Гоголь-Моголь. Я и не собирался. Не беспокойся. Вот чайку поставим. Ты не грусти, черт с ним, с этим выступлением. Ты свое дело сделал, а истина рано или поздно сторонников найдет себе. Главное, знай себе работай дальше на благо отечества - ведь ты талант, Коля, пойми, прочувствуй. (Инженер протестует.) Знаю, знаю, начнешь сейчас скромничать, отказываться, мол, какой я гений. А я и спорить не буду, меня агитировать не надо, я уж пожил среди людей, разобрался, что к чему. Меня теперь не проведешь. А то распишут - и такой, и сякой. И все он предвидел, и все понимал по особому, и в детстве на скрипке играл, и черт-те как не по-нашему мозги у него устроены. Чепуха. Просто мужик был нормальный, понимал все как надо, не приспосабливался, и сам не навязывался, и взглядов своих не навязывал. Жаль - немного таких людей. А почему? Потому что не верят себе, думают, чего бы такого на себя напялить, какую такую физиономию состроить, чтоб остальные в нем необычные преимущества заподозрили. Вот и ходят в масках с каменными лицами. Так и разыгрывают театр. Тот певец вылезет на сцену, глаза выпучит, щеки раздует, ручонками машет, ля-ля-ля - одним словом, стальное горло. А копни его глубже все в себе поломал, жалко даже. Потом и придумывают: стили, течения, жанры. Чтоб каждому зверьку свою клеть. Ан нет - сказать просто, что все это дрянь, чепуха, выверт. Ты понимаешь, Коля, не верят в себя. Обидно. Я не знаю, кто это придумал, зачем? Наверно, энергетически выгодно. Понимаешь? Серость - это выгодно, потому что надежно. Другие из зала смотрят и думают: "Да и я могу так, даже еще лучше, раздувать щеки и к тому же еще ушами двигать".

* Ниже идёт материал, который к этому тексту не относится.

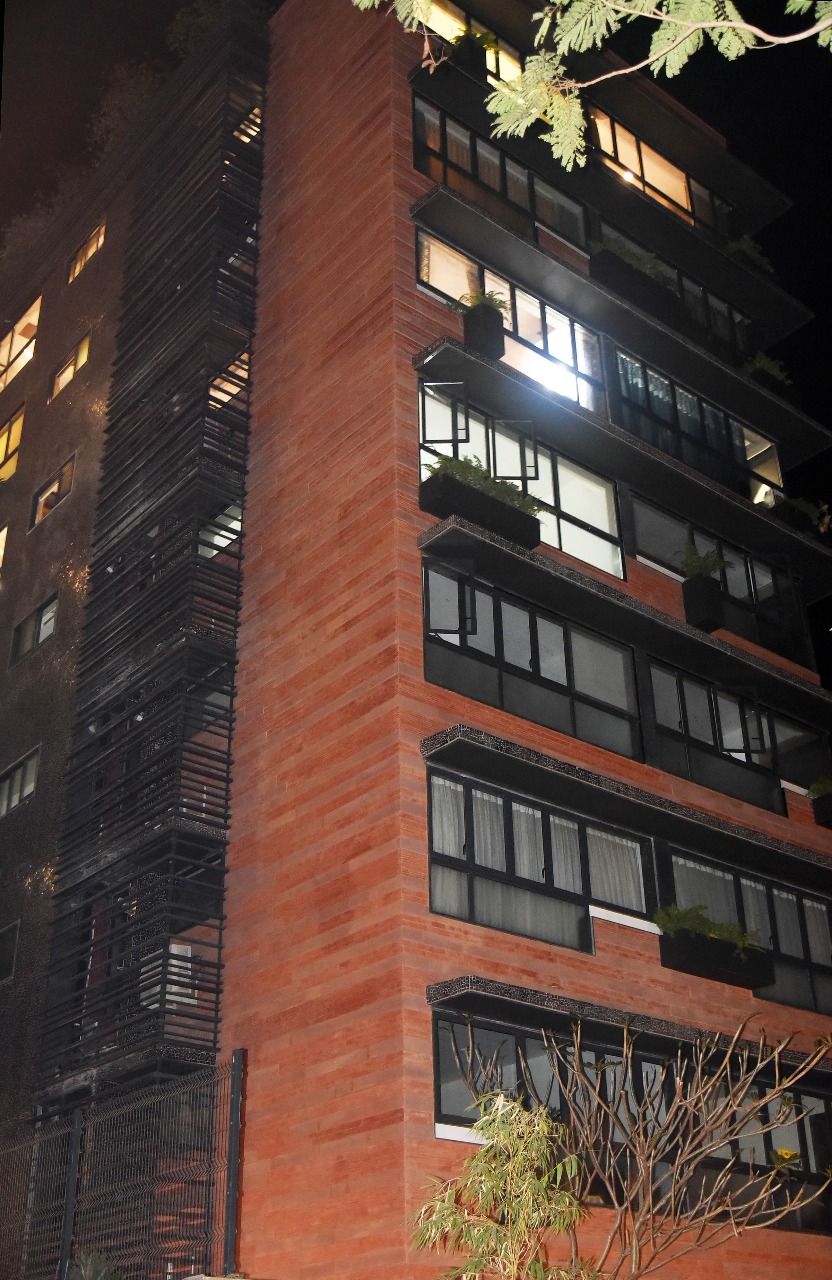 4 BHK + Servant Room Apartment For Rent in Gurudev Bhavan 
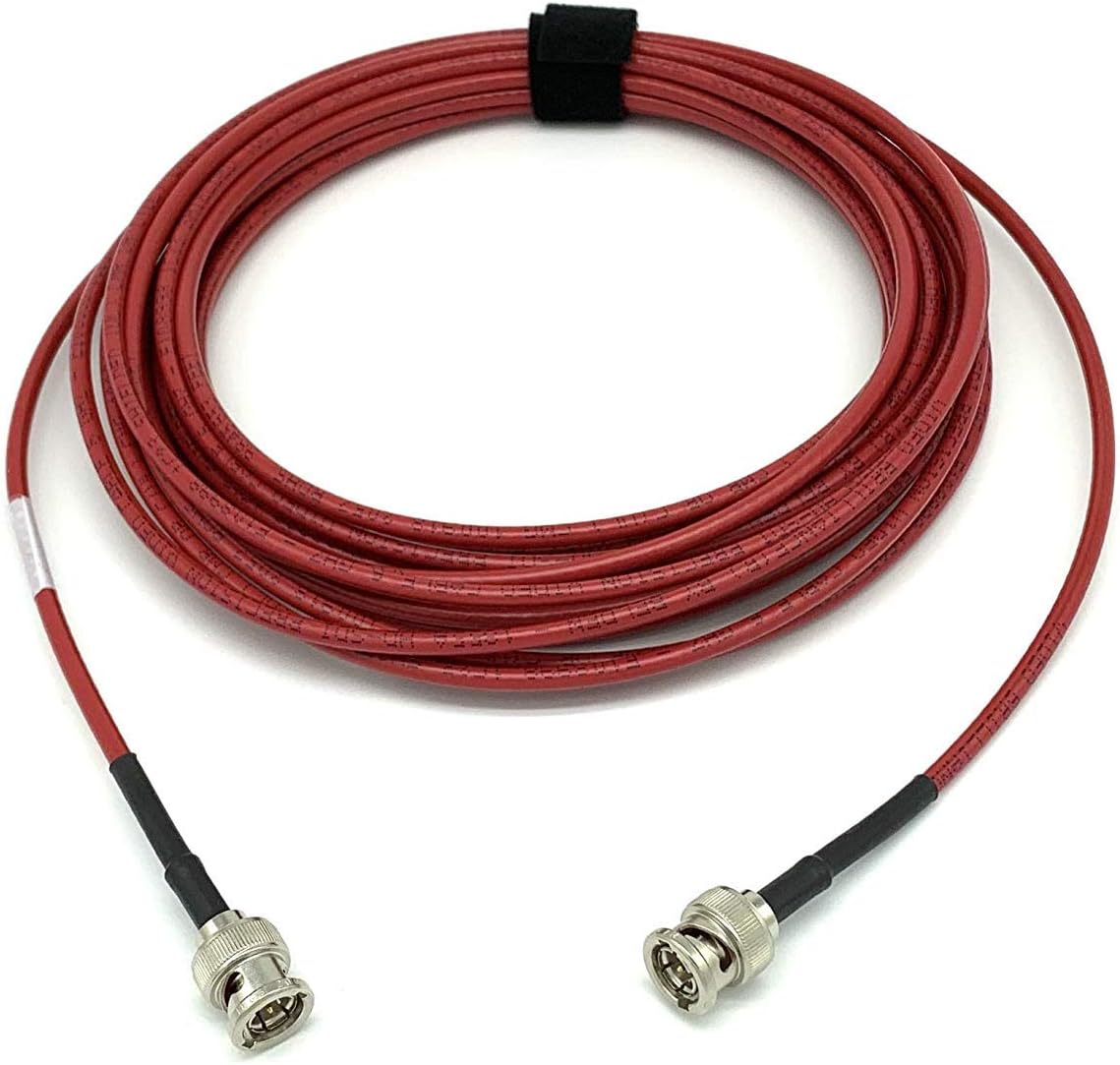 75ft Mini BNC RG59 Cable T4307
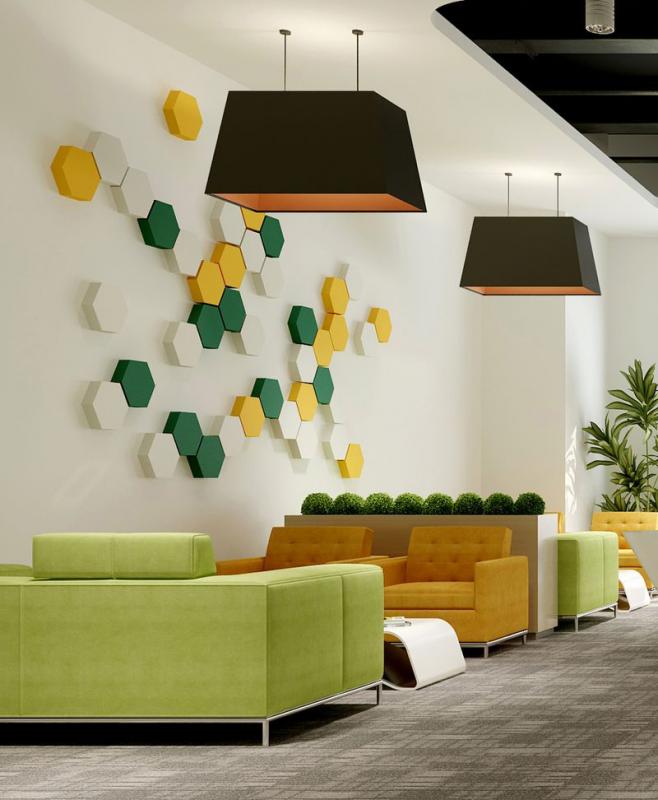 辦公室休息區(qū)域如此設(shè)計(jì)，太絕妙了！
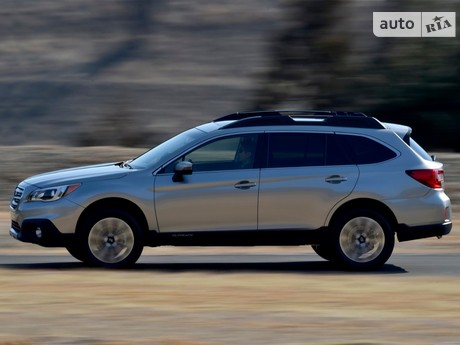 Subaru Outback 2009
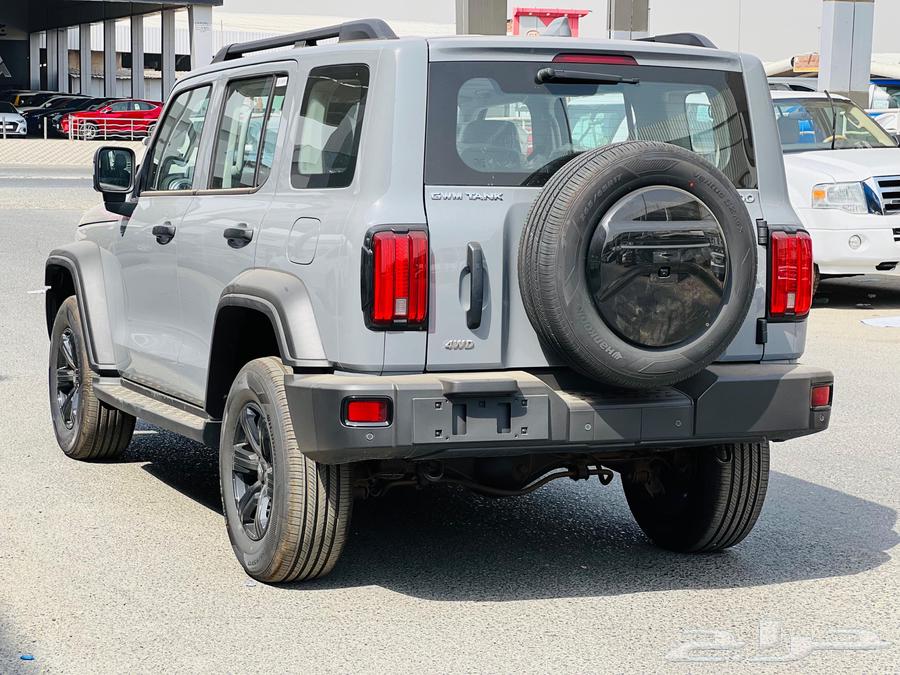 Great Wall Tank 300 Full Saudi 2025 Exclusive Offers63655160238467114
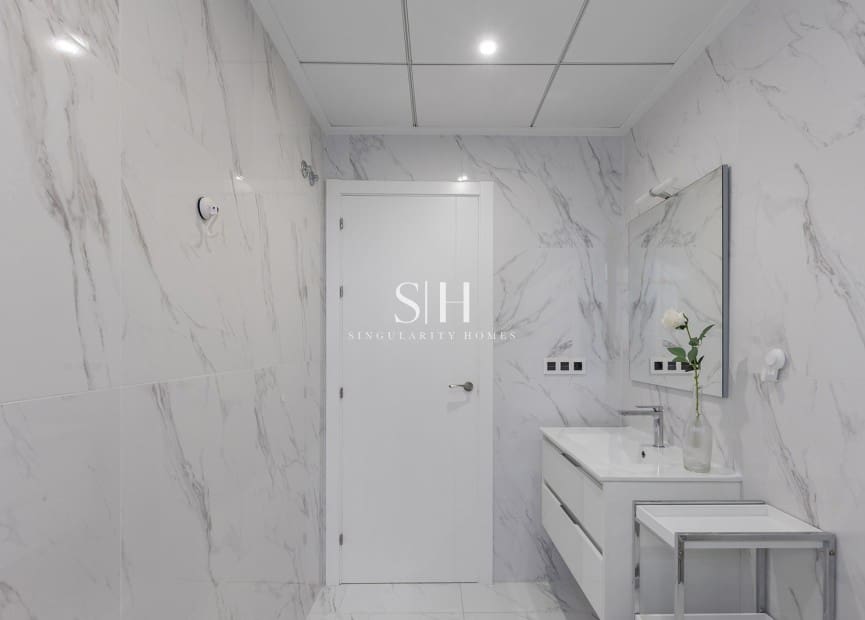 3 sypialnia Willa na sprzedaż w San Miguel de Salinas z basenem - 498 000 € (Ref: 9534873)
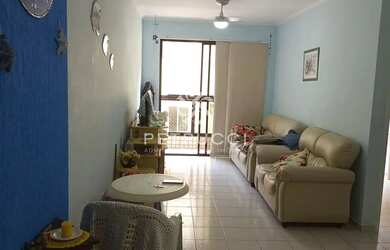 Imagem: O apartamento possui 1 Dormitório, 1 Banheiro e 68m² de Área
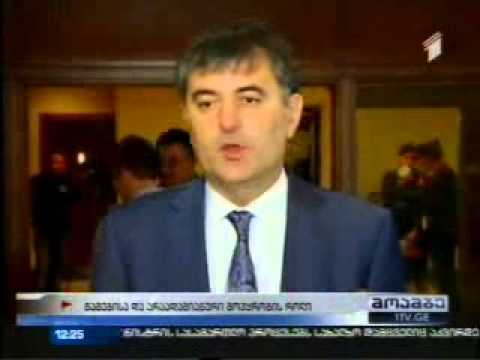 01 10 2013 I არხი მოამბე / წამება ციხეებში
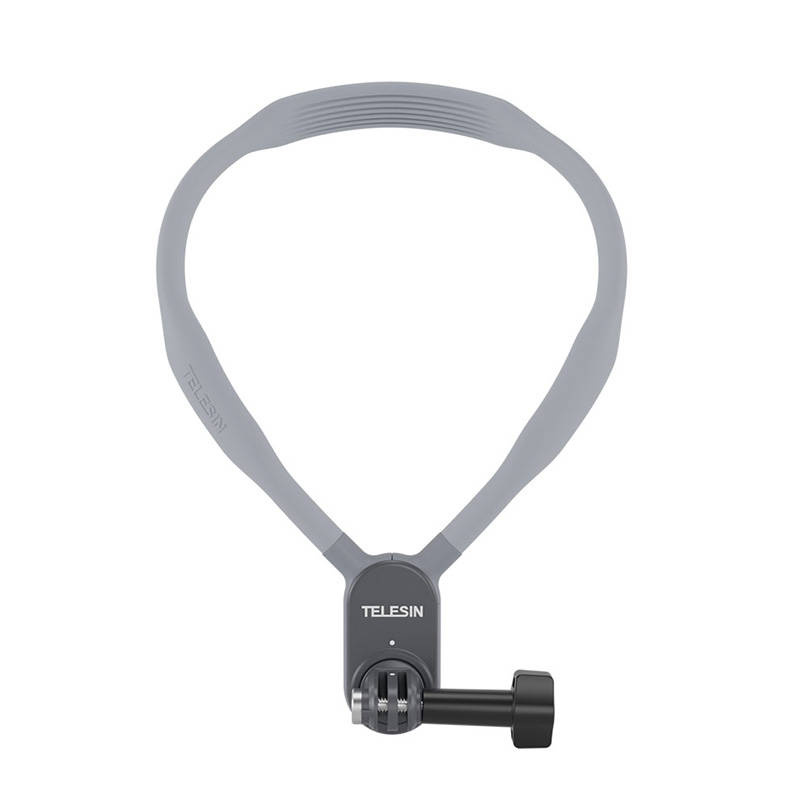 24917_1 Neck strap with mount Telesin for sports cameras (TE-HNB-001) - Slika 1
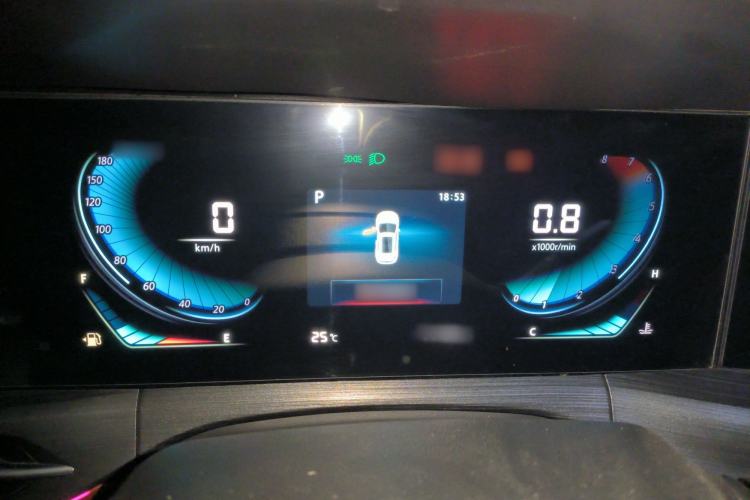 Used CHANGAN CS55PLUS 2020 1.5T Automatic Xuan Dong Edition
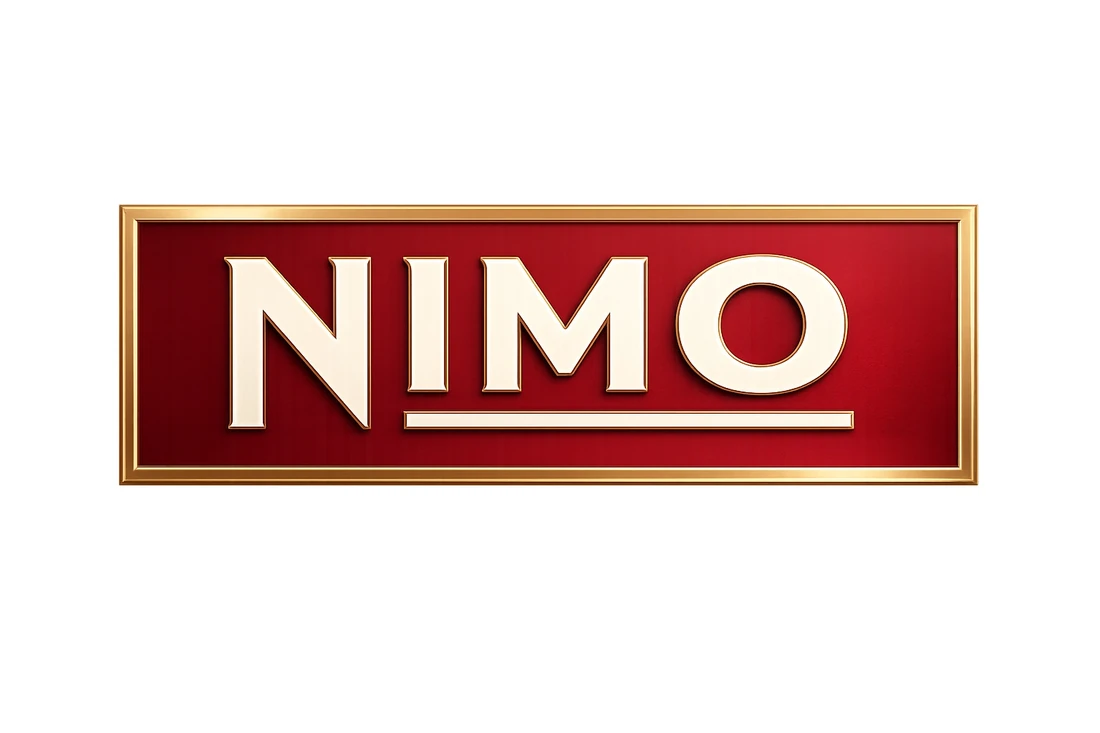 NIMO FOOD logo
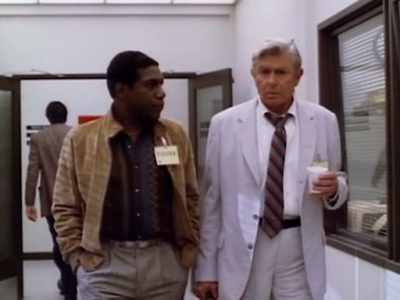 I mean, as for missing work, - Matlock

Богданов. Уж больно ты строг к людям.
Гоголь-Моголь. Время такое строгое пришло, контрольный опыт начался, эпоха проверяемости. Еще пару сотен таких лет - и баста, поезд дальше не пойдет, просим освободить вагоны.
Богданов (настороженно). Кто опыт ставит?
Гоголь-Моголь. Кто? Ты, например, я, все мы. Вот пришел бы, например, тысячу лет назад кто-нибудь и объявил, что все вокруг есть субстанция воды и пламени. Поди его опровергни. Ведь он на слова наплюет, на аргументы только хмыкнет, мол, верую и все тут. Еще и школу философскую организует, последышей читать-писать по-своему научит. Они ж еще тысячу лет процветать будут, потому что проверить некому. Сейчас, конечно, по такому простому вопросу сомнений нет. Сейчас ему бы в двадцать четыре часа указали, где вода, а где пламень. Конечно, теперь с водой и пламенем никто и не суется. Сейчас посложнее накручивают. Какая-нибудь классификация населения годков сто продержаться может, а потом розог пропишут. А вот наступит полная проверяемость, тогда в реальном времени мыслить придется. Тогда уж двигай ушами, не двигай - без толку, катись на свалку истории. Здесь и выйдут наперед нормальные люди, которым прикидываться противно.
Богданов (улыбаясь). Ох, не знаю, как тысячу лет назад, а сейчас вода и пламень очень злободневны.
Гоголь-Моголь. Что ты имеешь в виду?
Богданов. Я имею в виду, что чайник поставить надо.
Гоголь-Моголь спохватывается, замечая в руках чайник. Уходит и через некоторое время возвращается.
Богданов. Как твой трактат о всеобщем равнодействии?
Гоголь-Моголь. О, это бомба! Только тяжело идет, информации не хватает.
Богданов. Но ты давай, поспешай.
Гоголь-Моголь. А чего спешить? Я уж опоздал, теперь лет через сто только и напечатают.
Появляется Доктор. Он очень возбужден.